Comment by xdennis

4 years ago

Looks like I'm in the minority. I always use spaces and non-ASCII characters in filenames.

In many languages it's a requirement. For example, in Romanian, there are 8 words that collide with „fata“ if you remove the diacritics (fata, fată, fața, față, făta, făță, fâța, fâță).

Given that we have to use diacritics, spaces don't seem like a big deal.

17 comments

xdennis

masklinn 4 years ago

> Given that we have to use diacritics, spaces don't seem like a big deal.
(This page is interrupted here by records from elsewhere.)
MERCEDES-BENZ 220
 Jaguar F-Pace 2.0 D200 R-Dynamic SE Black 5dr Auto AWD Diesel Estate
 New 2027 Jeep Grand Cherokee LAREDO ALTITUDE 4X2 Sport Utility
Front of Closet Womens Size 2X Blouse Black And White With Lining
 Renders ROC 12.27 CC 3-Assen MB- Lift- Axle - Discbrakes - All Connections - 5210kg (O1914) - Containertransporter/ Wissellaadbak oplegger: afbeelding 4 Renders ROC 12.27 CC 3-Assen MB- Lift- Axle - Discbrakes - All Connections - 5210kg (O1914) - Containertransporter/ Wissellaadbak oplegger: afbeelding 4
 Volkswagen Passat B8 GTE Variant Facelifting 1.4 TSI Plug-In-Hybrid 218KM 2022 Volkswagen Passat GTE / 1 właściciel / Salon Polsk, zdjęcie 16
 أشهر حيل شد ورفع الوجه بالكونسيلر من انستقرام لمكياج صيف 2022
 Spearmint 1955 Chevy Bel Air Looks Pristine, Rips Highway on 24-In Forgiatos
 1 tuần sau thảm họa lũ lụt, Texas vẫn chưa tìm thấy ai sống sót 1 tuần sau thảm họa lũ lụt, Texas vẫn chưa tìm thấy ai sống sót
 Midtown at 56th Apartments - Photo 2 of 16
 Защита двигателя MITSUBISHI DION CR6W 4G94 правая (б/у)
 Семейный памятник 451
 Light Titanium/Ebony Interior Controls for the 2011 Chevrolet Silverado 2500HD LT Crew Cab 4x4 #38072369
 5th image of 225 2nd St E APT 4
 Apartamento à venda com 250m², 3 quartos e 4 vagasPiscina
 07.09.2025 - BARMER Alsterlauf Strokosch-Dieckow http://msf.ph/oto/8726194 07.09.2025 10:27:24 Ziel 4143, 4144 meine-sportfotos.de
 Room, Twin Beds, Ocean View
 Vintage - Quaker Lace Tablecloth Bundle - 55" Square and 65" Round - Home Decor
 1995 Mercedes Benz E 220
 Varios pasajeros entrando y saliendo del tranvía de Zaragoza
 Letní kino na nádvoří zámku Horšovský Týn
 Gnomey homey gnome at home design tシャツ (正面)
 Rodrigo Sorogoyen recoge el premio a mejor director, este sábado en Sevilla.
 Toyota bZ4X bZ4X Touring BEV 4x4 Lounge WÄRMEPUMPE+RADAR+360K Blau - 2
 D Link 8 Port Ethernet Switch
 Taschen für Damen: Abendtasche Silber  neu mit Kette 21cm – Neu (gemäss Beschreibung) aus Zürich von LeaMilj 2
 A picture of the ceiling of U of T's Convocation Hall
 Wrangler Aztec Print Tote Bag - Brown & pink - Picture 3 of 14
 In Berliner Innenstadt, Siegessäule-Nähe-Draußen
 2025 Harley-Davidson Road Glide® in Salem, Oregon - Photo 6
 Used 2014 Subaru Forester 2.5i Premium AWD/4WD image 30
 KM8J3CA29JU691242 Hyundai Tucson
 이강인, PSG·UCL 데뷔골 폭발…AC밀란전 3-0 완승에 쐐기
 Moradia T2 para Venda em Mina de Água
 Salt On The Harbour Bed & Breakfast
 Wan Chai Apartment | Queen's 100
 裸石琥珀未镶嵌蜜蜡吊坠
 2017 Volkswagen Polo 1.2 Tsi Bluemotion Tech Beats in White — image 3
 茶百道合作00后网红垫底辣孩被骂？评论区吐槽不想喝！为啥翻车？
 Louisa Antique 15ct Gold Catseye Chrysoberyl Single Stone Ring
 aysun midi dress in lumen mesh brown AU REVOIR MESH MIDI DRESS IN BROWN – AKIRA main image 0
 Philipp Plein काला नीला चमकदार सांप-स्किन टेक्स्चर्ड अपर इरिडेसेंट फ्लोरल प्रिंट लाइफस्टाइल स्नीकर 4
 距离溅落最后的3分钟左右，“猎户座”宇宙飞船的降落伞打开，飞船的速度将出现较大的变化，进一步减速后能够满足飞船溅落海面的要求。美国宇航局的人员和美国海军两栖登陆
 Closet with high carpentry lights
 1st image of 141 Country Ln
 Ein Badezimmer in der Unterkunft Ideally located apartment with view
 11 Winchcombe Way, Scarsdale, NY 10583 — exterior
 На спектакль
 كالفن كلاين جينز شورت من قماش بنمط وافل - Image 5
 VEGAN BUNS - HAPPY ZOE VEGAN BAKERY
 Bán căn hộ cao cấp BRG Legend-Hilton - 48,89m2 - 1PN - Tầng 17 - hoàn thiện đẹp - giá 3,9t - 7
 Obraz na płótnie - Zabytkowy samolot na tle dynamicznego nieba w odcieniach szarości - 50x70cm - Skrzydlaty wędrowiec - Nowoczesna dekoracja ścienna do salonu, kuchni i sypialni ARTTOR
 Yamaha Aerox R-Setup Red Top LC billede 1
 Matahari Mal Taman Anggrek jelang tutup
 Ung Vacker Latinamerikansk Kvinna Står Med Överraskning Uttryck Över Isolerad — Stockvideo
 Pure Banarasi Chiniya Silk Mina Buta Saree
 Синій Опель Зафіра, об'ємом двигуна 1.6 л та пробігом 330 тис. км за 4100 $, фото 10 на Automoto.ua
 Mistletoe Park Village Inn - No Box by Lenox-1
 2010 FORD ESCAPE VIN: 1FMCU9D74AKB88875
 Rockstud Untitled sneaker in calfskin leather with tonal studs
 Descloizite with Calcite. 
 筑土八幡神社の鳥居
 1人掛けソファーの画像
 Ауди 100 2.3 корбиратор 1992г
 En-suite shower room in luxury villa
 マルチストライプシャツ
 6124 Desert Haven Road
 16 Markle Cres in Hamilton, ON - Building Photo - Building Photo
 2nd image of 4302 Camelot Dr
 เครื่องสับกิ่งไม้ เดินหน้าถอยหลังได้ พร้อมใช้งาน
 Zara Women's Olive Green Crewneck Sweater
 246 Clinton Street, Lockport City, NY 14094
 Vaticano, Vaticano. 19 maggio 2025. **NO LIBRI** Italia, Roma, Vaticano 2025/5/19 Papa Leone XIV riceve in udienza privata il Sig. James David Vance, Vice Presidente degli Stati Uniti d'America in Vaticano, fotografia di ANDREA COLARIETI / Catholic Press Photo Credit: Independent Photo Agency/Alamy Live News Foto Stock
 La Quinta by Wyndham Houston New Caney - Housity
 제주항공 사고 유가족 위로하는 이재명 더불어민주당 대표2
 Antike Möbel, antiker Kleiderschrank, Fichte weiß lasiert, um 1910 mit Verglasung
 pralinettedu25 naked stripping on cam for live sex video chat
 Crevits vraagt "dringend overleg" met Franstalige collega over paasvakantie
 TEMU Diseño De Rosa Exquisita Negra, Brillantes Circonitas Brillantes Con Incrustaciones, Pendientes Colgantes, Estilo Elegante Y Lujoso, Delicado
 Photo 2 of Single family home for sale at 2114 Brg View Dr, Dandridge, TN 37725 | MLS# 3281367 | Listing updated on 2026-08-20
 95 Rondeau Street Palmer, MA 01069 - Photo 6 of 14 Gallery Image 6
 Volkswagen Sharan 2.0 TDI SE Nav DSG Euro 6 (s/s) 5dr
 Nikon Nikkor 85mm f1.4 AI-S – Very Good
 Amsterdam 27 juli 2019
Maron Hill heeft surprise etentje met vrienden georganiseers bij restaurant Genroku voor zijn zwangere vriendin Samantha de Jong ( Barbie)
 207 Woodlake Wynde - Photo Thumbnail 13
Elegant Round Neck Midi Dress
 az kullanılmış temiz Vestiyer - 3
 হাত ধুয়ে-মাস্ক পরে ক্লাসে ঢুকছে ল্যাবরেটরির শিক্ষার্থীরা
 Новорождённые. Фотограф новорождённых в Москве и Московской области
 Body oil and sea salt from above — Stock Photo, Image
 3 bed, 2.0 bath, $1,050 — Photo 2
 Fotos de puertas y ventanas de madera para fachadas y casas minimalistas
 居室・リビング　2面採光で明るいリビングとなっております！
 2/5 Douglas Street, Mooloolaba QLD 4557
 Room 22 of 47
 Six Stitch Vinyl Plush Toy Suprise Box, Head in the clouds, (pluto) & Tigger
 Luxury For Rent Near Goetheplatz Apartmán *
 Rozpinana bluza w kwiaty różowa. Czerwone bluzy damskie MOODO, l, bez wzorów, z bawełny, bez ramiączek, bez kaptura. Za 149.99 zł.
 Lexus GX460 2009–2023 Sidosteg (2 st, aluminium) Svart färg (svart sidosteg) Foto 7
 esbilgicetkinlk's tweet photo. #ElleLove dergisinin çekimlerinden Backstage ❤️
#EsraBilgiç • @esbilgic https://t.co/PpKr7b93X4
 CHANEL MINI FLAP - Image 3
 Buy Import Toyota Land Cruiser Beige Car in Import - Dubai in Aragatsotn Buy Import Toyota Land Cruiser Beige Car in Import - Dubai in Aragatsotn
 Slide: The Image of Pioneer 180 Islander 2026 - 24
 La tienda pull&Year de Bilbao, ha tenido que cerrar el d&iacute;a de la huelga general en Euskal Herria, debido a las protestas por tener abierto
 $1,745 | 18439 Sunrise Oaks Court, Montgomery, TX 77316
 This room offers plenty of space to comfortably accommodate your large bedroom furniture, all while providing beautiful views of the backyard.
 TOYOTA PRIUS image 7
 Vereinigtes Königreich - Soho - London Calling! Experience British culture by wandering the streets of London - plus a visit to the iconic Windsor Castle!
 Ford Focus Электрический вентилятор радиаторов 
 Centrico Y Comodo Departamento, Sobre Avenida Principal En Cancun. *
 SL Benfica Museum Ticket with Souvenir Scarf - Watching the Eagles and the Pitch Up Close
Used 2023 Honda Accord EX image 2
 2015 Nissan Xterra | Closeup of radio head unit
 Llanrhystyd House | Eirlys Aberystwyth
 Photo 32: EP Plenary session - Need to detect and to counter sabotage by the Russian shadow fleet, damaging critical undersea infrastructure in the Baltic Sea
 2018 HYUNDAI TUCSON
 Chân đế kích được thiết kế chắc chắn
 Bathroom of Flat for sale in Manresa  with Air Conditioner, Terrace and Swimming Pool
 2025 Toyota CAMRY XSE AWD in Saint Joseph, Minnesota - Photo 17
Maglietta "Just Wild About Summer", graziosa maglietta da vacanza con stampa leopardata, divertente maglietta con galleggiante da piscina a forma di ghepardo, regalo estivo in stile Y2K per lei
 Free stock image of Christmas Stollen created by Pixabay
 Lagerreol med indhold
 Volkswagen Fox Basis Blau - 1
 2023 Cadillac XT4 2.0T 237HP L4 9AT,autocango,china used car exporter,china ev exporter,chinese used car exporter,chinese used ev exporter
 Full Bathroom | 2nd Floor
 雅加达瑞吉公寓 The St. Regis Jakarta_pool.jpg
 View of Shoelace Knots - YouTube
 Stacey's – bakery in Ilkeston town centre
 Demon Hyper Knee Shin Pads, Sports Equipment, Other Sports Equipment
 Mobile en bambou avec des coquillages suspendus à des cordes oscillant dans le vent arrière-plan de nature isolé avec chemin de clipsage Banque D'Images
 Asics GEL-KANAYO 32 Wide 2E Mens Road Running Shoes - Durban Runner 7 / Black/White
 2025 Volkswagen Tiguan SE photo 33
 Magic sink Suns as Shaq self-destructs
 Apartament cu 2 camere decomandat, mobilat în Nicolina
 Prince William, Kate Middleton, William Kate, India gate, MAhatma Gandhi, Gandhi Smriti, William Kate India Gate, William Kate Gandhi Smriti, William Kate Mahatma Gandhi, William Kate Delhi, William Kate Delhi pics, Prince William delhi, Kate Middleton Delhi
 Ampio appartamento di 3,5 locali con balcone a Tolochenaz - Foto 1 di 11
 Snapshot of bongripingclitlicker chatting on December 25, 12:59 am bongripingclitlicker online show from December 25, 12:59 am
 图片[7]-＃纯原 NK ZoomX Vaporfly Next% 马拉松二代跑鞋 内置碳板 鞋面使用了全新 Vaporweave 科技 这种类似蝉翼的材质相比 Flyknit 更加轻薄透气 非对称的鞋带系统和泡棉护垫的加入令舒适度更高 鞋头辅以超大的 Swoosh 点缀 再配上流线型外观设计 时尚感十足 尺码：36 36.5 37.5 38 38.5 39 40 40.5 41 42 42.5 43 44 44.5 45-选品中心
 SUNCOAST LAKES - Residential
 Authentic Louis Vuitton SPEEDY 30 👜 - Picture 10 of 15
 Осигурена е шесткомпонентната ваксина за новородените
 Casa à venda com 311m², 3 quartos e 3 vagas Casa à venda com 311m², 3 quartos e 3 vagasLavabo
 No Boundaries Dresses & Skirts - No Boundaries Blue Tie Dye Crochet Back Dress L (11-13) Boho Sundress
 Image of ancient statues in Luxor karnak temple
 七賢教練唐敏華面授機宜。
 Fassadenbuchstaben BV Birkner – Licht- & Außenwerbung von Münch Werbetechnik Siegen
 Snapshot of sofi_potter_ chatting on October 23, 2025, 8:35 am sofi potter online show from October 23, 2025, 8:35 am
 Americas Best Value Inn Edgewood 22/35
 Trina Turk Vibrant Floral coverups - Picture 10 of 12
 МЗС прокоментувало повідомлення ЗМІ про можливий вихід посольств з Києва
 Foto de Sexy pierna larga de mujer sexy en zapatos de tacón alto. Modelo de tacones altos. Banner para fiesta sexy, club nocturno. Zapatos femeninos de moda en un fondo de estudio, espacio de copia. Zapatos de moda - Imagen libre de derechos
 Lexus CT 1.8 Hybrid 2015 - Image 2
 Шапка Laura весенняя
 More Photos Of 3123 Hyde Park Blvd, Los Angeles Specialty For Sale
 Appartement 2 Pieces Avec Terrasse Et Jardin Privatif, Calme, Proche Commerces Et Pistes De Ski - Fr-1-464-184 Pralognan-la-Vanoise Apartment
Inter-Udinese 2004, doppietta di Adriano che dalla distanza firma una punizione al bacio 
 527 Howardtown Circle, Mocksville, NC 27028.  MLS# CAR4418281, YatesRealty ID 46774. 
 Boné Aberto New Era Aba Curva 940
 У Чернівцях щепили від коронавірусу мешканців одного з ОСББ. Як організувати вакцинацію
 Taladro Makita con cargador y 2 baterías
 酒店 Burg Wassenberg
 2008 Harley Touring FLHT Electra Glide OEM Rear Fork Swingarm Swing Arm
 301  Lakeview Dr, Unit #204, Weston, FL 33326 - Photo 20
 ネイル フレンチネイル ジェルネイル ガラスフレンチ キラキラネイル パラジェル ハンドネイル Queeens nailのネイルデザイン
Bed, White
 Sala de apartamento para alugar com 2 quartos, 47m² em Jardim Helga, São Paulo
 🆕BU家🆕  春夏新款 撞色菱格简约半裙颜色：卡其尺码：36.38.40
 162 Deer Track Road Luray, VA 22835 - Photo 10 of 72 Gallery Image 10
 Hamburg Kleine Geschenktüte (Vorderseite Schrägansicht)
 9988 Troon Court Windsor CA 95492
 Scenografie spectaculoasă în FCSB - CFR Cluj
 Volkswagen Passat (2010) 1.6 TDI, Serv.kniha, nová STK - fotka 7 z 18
There is one big difference: CLI utilities don't usually care about diacritics (though encoding issues can throw a wrench in that), but they care a lot about spaces. So putting spaces in filenames requires properly quoting or escaping parameters, whereas diacritics does not. That makes one-off shell snippets and scripts a lot more annoying (though TBH I tend to shy away from those anyway, these days).

selfhoster11 4 years ago

So do I. I have a language, and I'm not afraid to use it. My computer should speak it just as well as I do.

cerved 4 years ago
There's a server at work that name with a non-ascii character. I've run into compatibility issues lots of times where I can't connect. I prefer to just use English with ASCII and be happy
- selfhoster11 4 years ago
  
  Server names are different. They are by and large machine-facing identifiers, whereas filenames have a 50-50 split of whether they are machine-facing, human-facing, or both. They makes their support of Unicode a much more critical (and appealing) proposition.
  
  1 reply →

yread 4 years ago

We have a few words that depend on diacritics to be unique in Czech as well - though not as bad as this example - but people just manage without. Hell, I don't even bother installing the Czech keyboard, if I REALLY need it (like in names), I just google for words that have the character and copy it

hdjjhhvvhga 4 years ago

So how did you deal with it in the 80s/90s?

PeterisP 4 years ago

Not sure about Romanian, but for many other languages people essentially came up with transliteration schemes (multiple, incompatible, ambiguous) to squeeze your language into ascii.
The resulting text was understandable by the "computer people" but not the general population who did not use the networks back then, perhaps somewhat comparable to when some time ago USA parents encountered the "SMS slang" used by their teenagers.
xdennis 4 years ago
As you would assume: use ASCII and deduce from context. Many people still do that.
That has lead to phantom diacritics: reading letters in unfamiliar words/names based on what you assume they are. For example some pronounce Chirica as Chirică because they assume someone forgot to type the breve in ă.
- apricot 4 years ago
  
  I call it the habanero trap. There is no ñ in "habanero", yet a lot of people say "habanyero", probably by analogy with "jalapeño".
octorian 4 years ago

Back in the day there were dozens of character sets that were alternatives to US-ASCII. Having once worked on an Email client, I needed to bake in a bunch of translation tables to convert stuff sent that way into UTF-8.

rob74 4 years ago

Hmmm, I thought I was fluent in Romanian (born there and lived there for 26 years), but I only know 5 of those 8 words...

theshrike79 4 years ago
According to Google Translate the first two are "girl" and the rest are "face". =)
- qayxc 4 years ago
  
  Google Translate is a horrible tool for "translating" single words or lists of unrelated words.
  Use a proper dictionary for that. The very nature of statistical models makes proper translation without context impossible for these systems, especially when uncommon words and diacritics are involved.
- xdennis 4 years ago
  
  * fata - the girl
  * fată - girl
  * fața - the face
  * față - face
  * făta - was giving birth
  * făță - a small fish, or a child who won't sit still
  * fâța - was fussing
  * fâță - variant of făță
  As you might infer from the first 4, Romanian uses postfix "the" and for singular feminine words you can't tell the difference if you use only ASCII.
xdennis 4 years ago

That doesn't seem unusual. Only the first 5 are very common.

vadfa 4 years ago

>In many languages it's a requirement. For example, in Romanian, there are 8 words that collide with „fata“ if you remove the diacritics

That is what context is for.